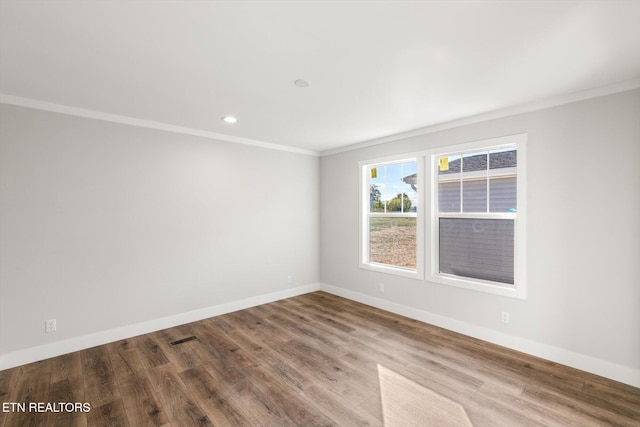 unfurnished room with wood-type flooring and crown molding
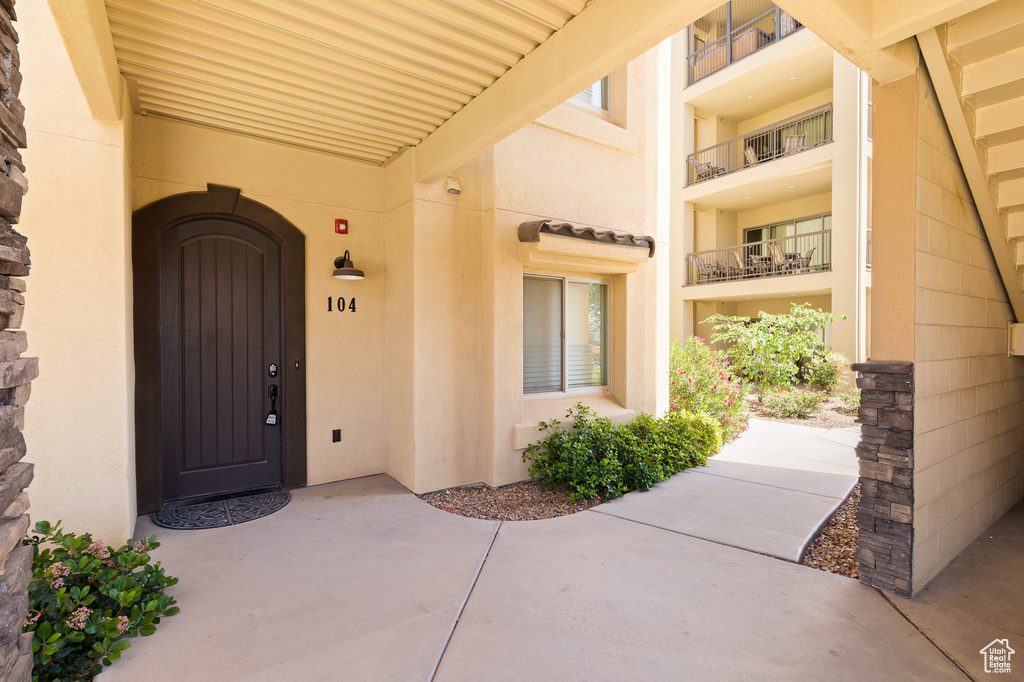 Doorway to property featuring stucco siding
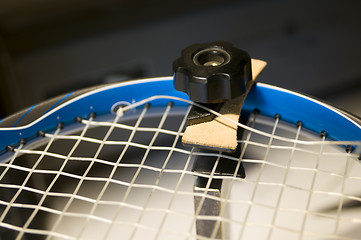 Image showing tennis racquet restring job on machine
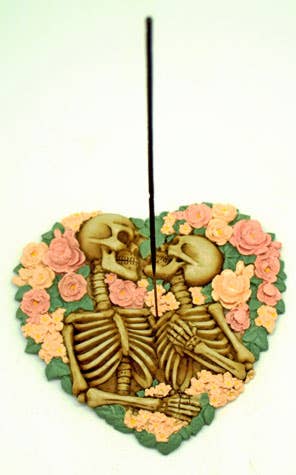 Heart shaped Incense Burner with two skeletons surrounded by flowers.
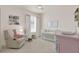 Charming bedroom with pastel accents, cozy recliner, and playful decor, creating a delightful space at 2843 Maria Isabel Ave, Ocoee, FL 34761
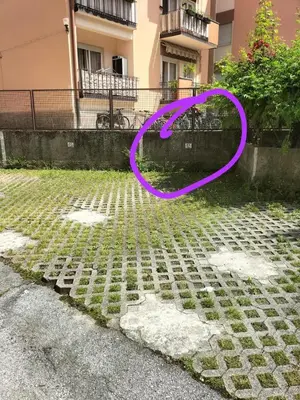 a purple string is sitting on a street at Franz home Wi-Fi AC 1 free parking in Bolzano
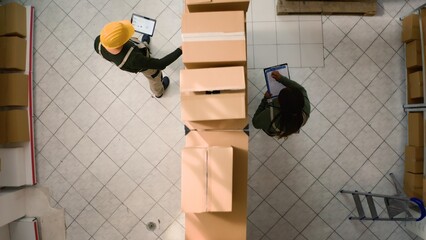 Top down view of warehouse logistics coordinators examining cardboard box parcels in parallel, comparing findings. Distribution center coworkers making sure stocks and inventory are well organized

Exercise details: Restate word for word only the lines from the one with "Doorway to property featuring stucco siding" through the last line of the material, both included. Any picture should be left out.

Task output:
 Doorway to property featuring stucco siding
 Image showing tennis racquet restring job on machine
 Heart shaped Incense Burner with two skeletons surrounded by flowers.
 Charming bedroom with pastel accents, cozy recliner, and playful decor, creating a delightful space at 2843 Maria Isabel Ave, Ocoee, FL 34761
 a purple string is sitting on a street at Franz home Wi-Fi AC 1 free parking in Bolzano
 Top down view of warehouse logistics coordinators examining cardboard box parcels in parallel, comparing findings. Distribution center coworkers making sure stocks and inventory are well organized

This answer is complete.